--- Information provided ---
☆ ☆ ☆ ☆ ☆ ☆ ☆
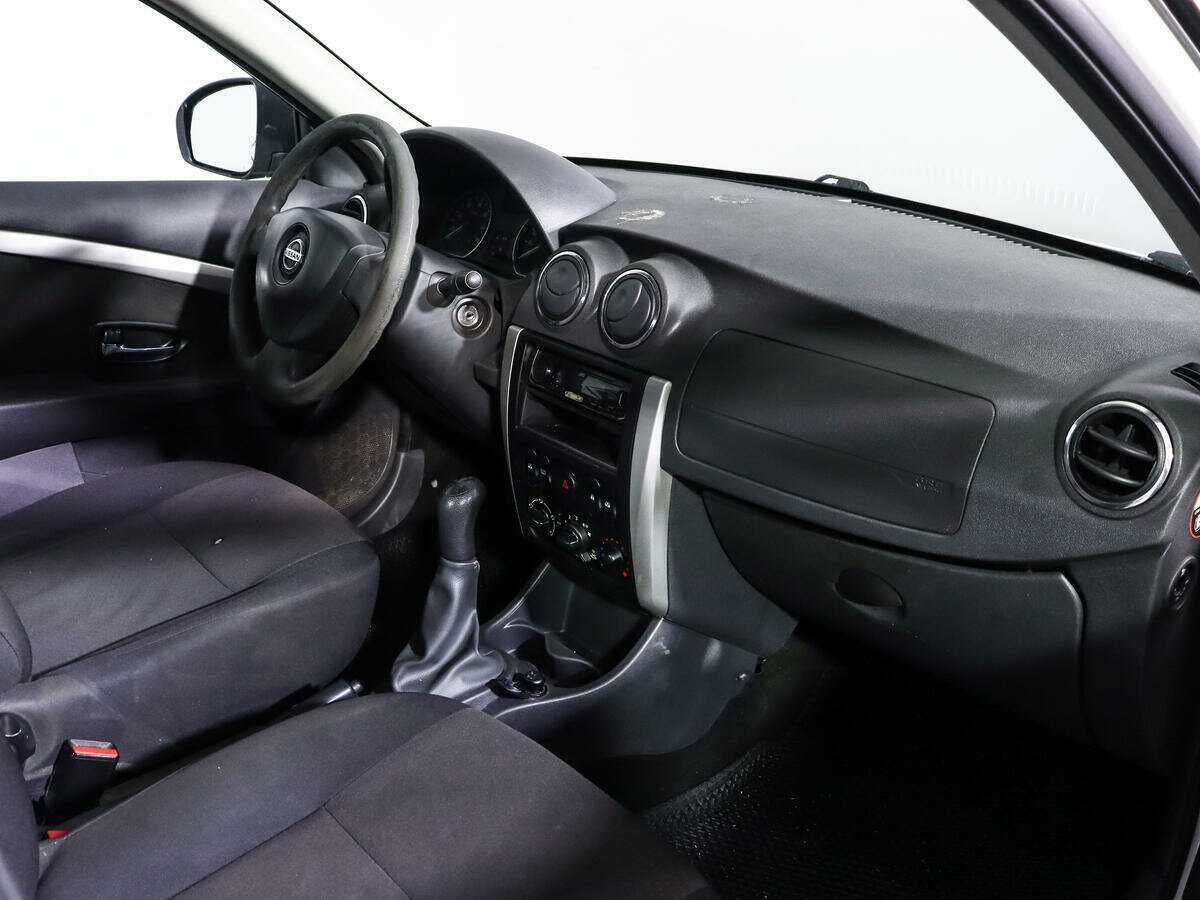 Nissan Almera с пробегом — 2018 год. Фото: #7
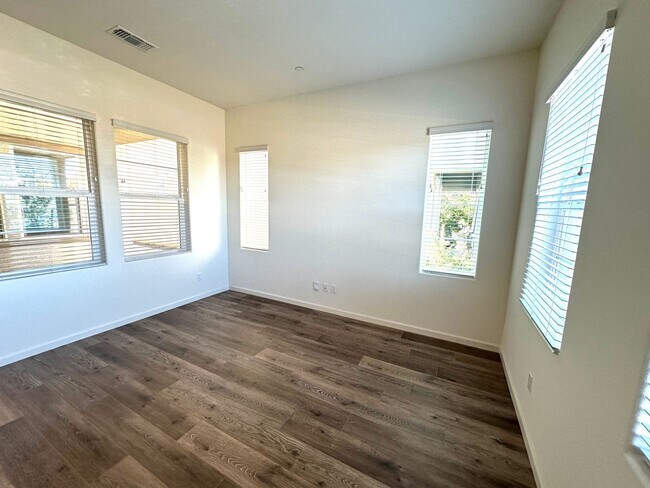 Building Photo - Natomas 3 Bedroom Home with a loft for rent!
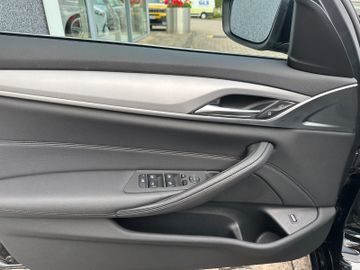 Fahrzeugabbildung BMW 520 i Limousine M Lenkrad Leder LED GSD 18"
☆ ☆ ☆ ☆ ☆ ☆ ☆
--- Directions ---
No pictures belong in the copy; quote exactly the lines from the line containing "Building Photo - Natomas" through the final line of the material, both ends included.

--- Response to this exercise ---
 Building Photo - Natomas 3 Bedroom Home with a loft for rent!
 Fahrzeugabbildung BMW 520 i Limousine M Lenkrad Leder LED GSD 18"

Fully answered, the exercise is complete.